Your answer must be only the lines below from the one containing "a house view with a garden space" through the one containing "Customer Trying Out", copied exactly, with the pictures left out.

» **INFORMATION PROVIDED**

* * * *

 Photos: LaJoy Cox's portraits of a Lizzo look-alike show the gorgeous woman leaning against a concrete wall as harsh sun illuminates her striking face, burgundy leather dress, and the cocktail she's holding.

* * * *

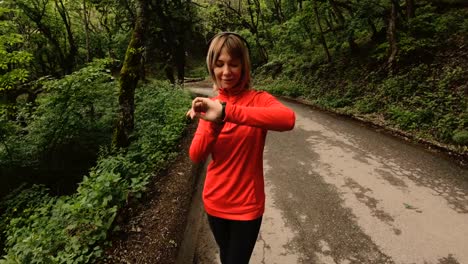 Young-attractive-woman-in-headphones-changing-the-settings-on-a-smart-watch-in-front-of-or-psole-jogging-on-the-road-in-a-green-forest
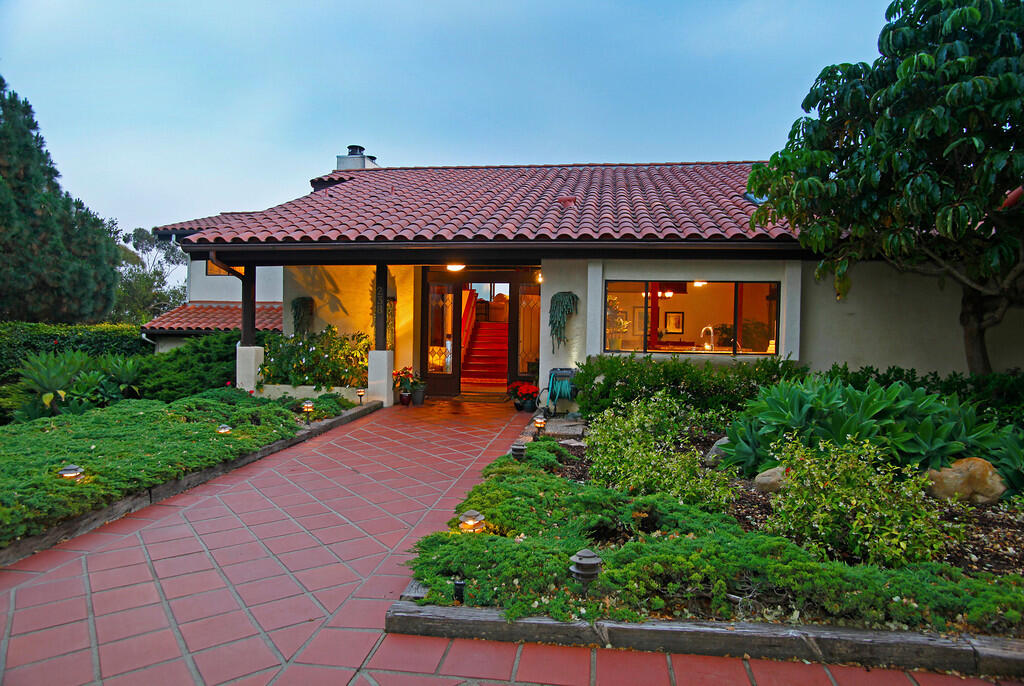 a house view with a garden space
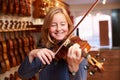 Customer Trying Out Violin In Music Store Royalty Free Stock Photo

* * * *

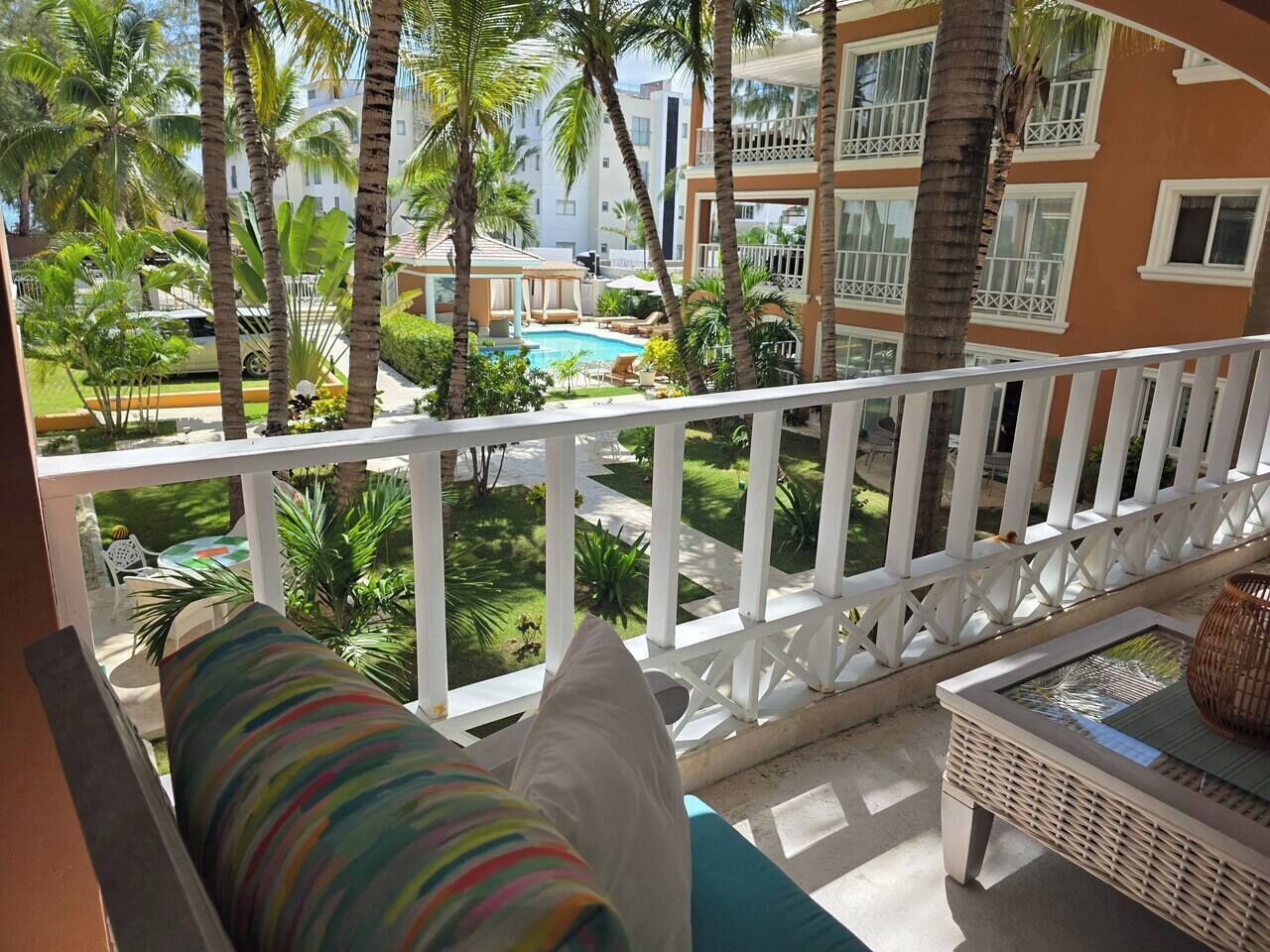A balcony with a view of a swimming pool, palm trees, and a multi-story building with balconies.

* * * *

» **WRITTEN SOLUTION**
 a house view with a garden space
 Customer Trying Out Violin In Music Store Royalty Free Stock Photo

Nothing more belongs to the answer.